Since Epic has 2 different accounts, Apple could have terminated only one of them, leaving Unreal Engine intact. But Schiller’s declaration says that in these cases they have always terminated all accounts that are owned by the same company / conglomerate (I can easily see this is useful in some cases). So again I feel they were in a corner: they had to follow what they have always done, so that other companies couldn’t prove a ad-hoc enforcement of rules (termination rules, in this case).
I thought the point of antitrust is that it brings harm to the consumers and not just some lesser company?
That being said, the government can investigate without a lawsuit. But just because the government investigates, that doesn't guarantee the government will prosecute; a lawsuit guarantees prosecution, unless it's so baseless it gets thrown out by the court (which Epic's hasn't been).
Hence why Epic took a step that would obviously result in a ban: they needed the correct type of evidence of injury in order to sue.
I've always hated that Apple seem to think they know better than anyone else; you can't do as you wish on their platforms because you might be stupid.
No, wait, not that I’m stupid. Though I’m sure some people would call me that.
It’s that they make the decisions for me.
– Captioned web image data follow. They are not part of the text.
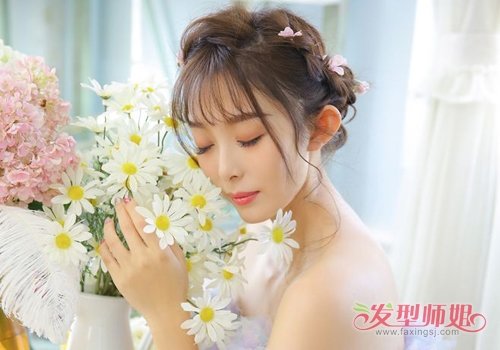 Ԫؼӳ 24곤Ůͷļ¶Ů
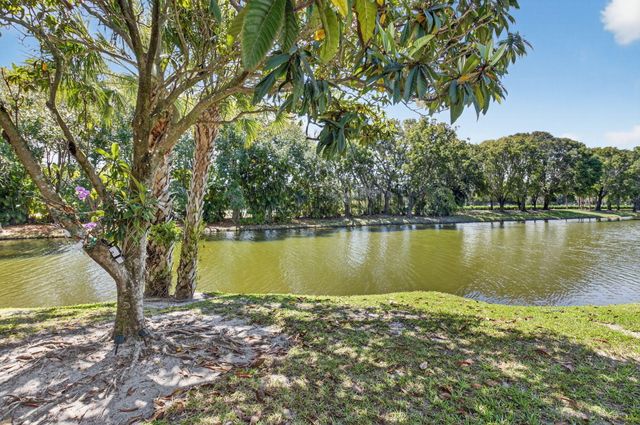 3707 Bridgewood Drive, Boca Raton, FL 33434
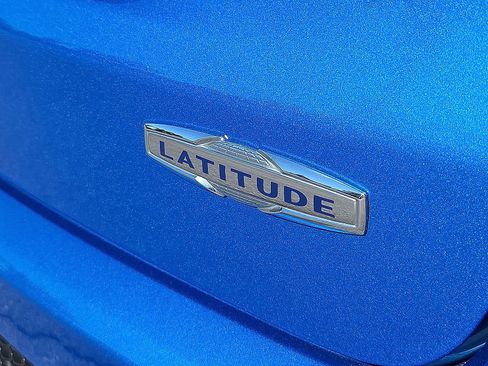 Used 2018 Jeep Compass Latitude w/ Popular Equipment Group image 8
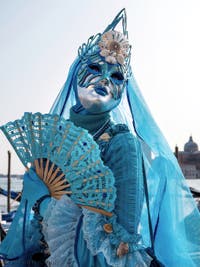 Les Costumés du Carnaval de Venise 2022 devant le palais des Doges et le bassin de Saint-Marc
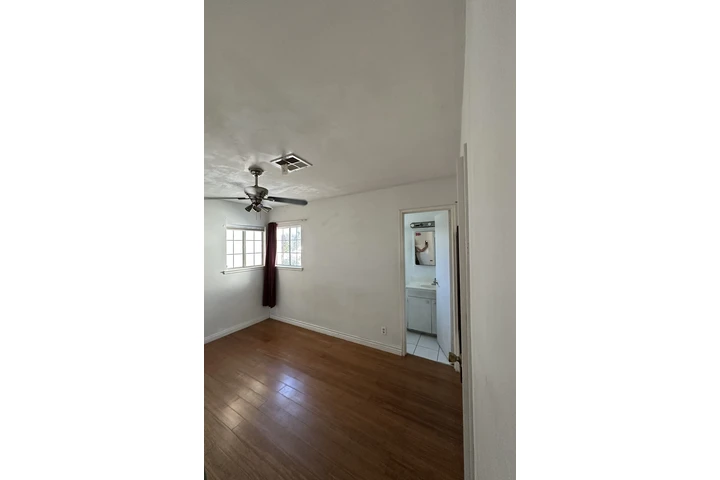 $1 : CUARTO POR RENTA / ROOM FOR RE image 3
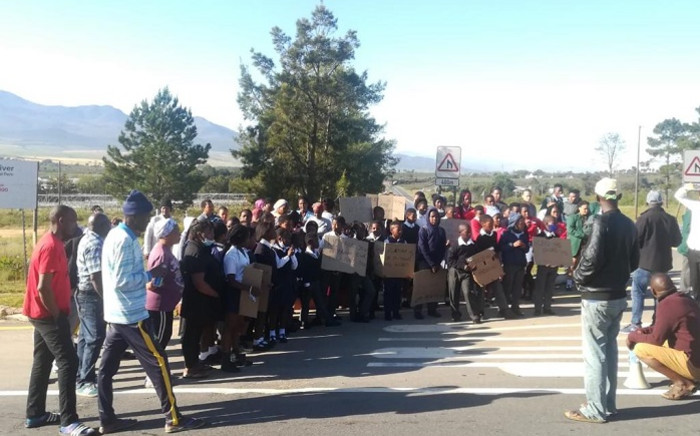 Parents in the Overberg town of Botrivier on 6 October 2020 protested following the suspension of a scholar transport service by the Western Cape Education Department. Picture: Lauren Isaacs/EWN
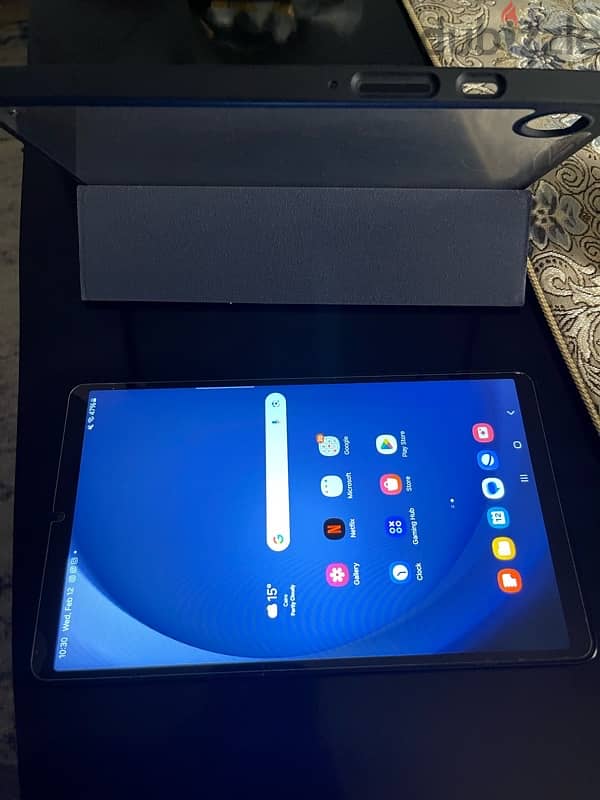 Samsung tab A9 8gb ram 128gb + 2 cases and pen 4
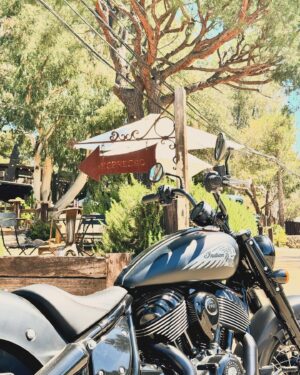 Julien Marlon Samani Instagram - A day with @indianmotorcycle. I was blown away by how smooth the ride was and looking forward to more rides with the Indian family ✌🏼. 
📸: @seanmacd 
#indian #indianmotorcycle #indianmotorcycles #motorcycle #fun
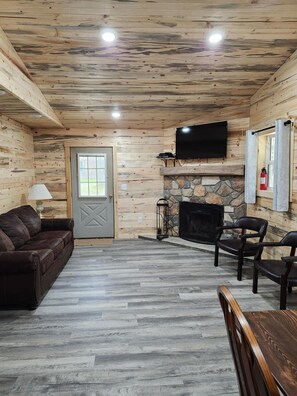 TV, peis, DVD-spiller og bøker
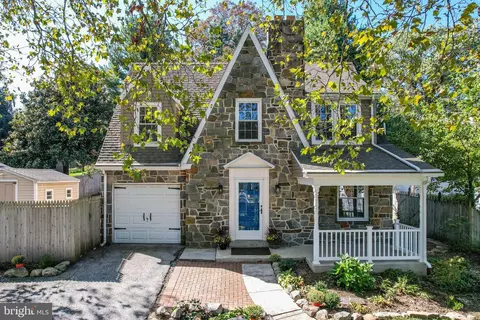 1606 Clover Ln, York, PA 17403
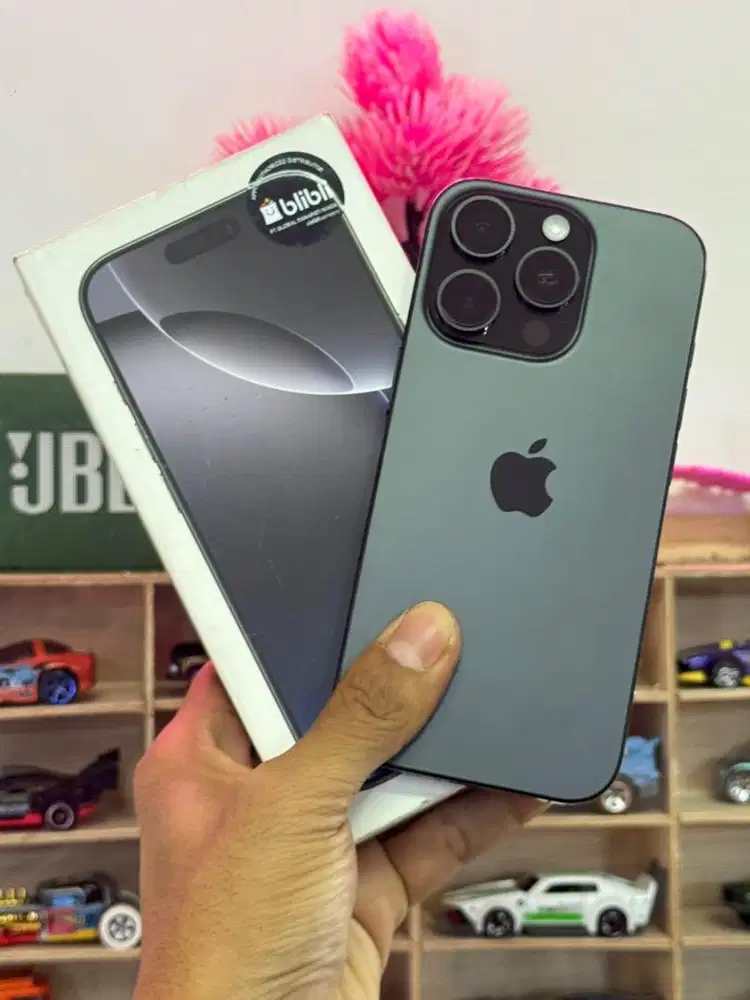 Iphone 16 pro 256gb black second resmi GDN (blibli)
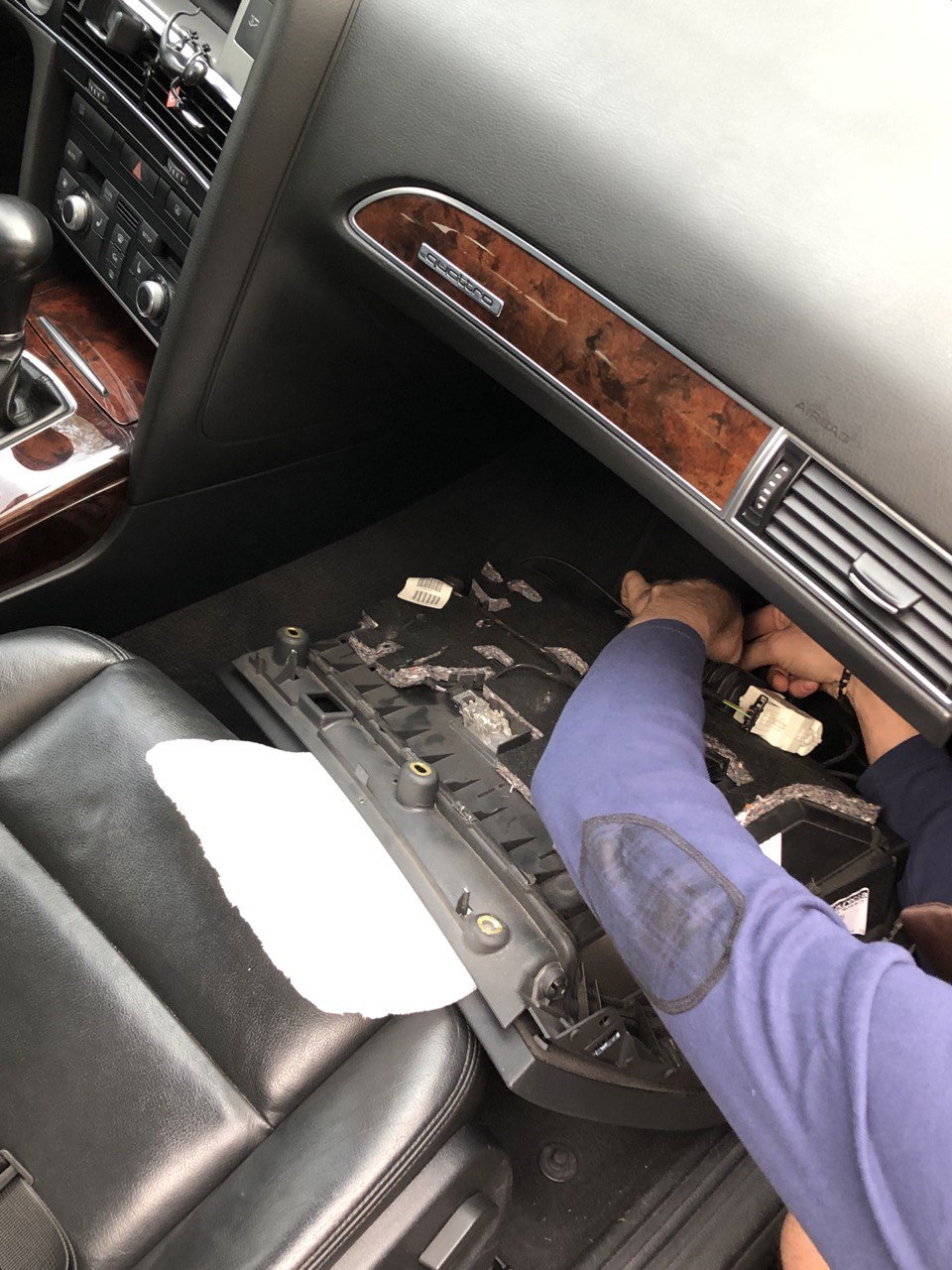 Музичний інтерфейс Audi або музика з телефону через bluetooth 1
I’m specifically paying a premium to delegate the responsibility for making those decisions to them.
I spent years running Nexus devices (since before they were Nexus... still have my ADP1 in a drawer) on Cyanogenmod and LineageOS. At some point I got busy and didn’t have time for my phone to be a hobby or even a thing I had to think about and chose to delegate those decisions to Apple rather than Google because they generally seem to lean more toward privacy-conscious decisions and making money on hardware and apps rather than decisions to support violating my privacy and making money on advertising.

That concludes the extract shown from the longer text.